PROMPT: Take the entries below and print, exactly, the stretch from the line containing "I like to cover" through the line containing "Our partnership has", both included.

DATA RECORDS:

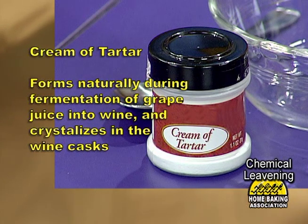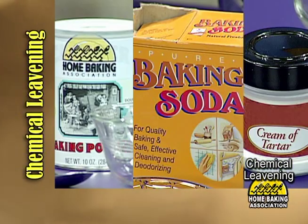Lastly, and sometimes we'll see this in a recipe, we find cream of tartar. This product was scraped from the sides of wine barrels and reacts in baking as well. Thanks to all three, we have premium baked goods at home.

* * *

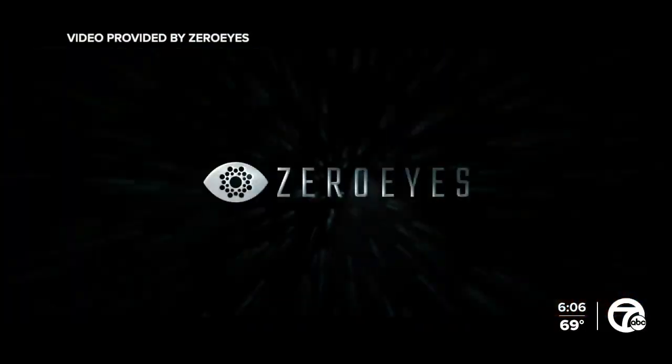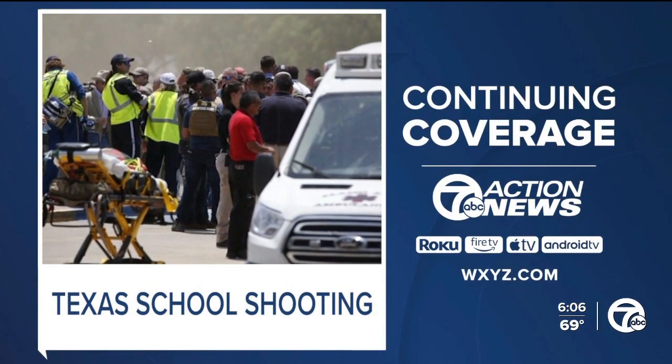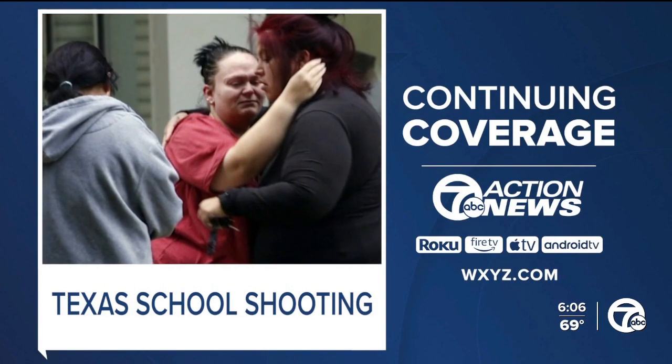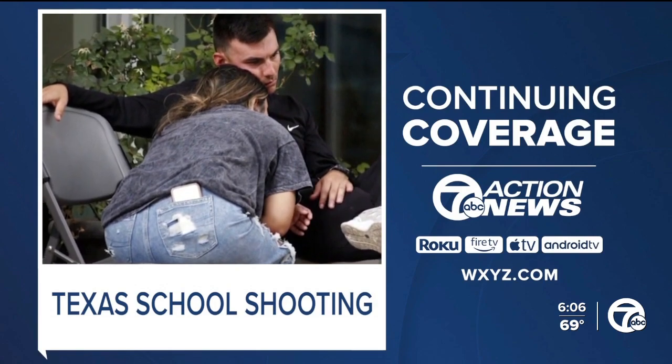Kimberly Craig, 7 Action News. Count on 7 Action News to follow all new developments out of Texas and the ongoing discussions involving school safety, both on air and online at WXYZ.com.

==

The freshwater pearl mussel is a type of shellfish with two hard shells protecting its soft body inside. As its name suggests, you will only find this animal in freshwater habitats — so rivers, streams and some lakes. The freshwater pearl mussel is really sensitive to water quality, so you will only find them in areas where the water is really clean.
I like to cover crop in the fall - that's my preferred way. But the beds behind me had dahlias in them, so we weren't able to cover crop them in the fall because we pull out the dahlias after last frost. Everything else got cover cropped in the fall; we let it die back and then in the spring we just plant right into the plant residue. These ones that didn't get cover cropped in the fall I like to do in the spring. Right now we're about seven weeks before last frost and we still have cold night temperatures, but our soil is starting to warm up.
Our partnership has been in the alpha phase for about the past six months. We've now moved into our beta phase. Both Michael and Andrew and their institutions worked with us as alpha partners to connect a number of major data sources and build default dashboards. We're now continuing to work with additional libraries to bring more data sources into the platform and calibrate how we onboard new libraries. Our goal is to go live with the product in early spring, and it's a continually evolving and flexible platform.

WRITTEN REPLY:
I like to cover crop in the fall - that's my preferred way. But the beds behind me had dahlias in them, so we weren't able to cover crop them in the fall because we pull out the dahlias after last frost. Everything else got cover cropped in the fall; we let it die back and then in the spring we just plant right into the plant residue. These ones that didn't get cover cropped in the fall I like to do in the spring. Right now we're about seven weeks before last frost and we still have cold night temperatures, but our soil is starting to warm up.
Our partnership has been in the alpha phase for about the past six months. We've now moved into our beta phase. Both Michael and Andrew and their institutions worked with us as alpha partners to connect a number of major data sources and build default dashboards. We're now continuing to work with additional libraries to bring more data sources into the platform and calibrate how we onboard new libraries. Our goal is to go live with the product in early spring, and it's a continually evolving and flexible platform.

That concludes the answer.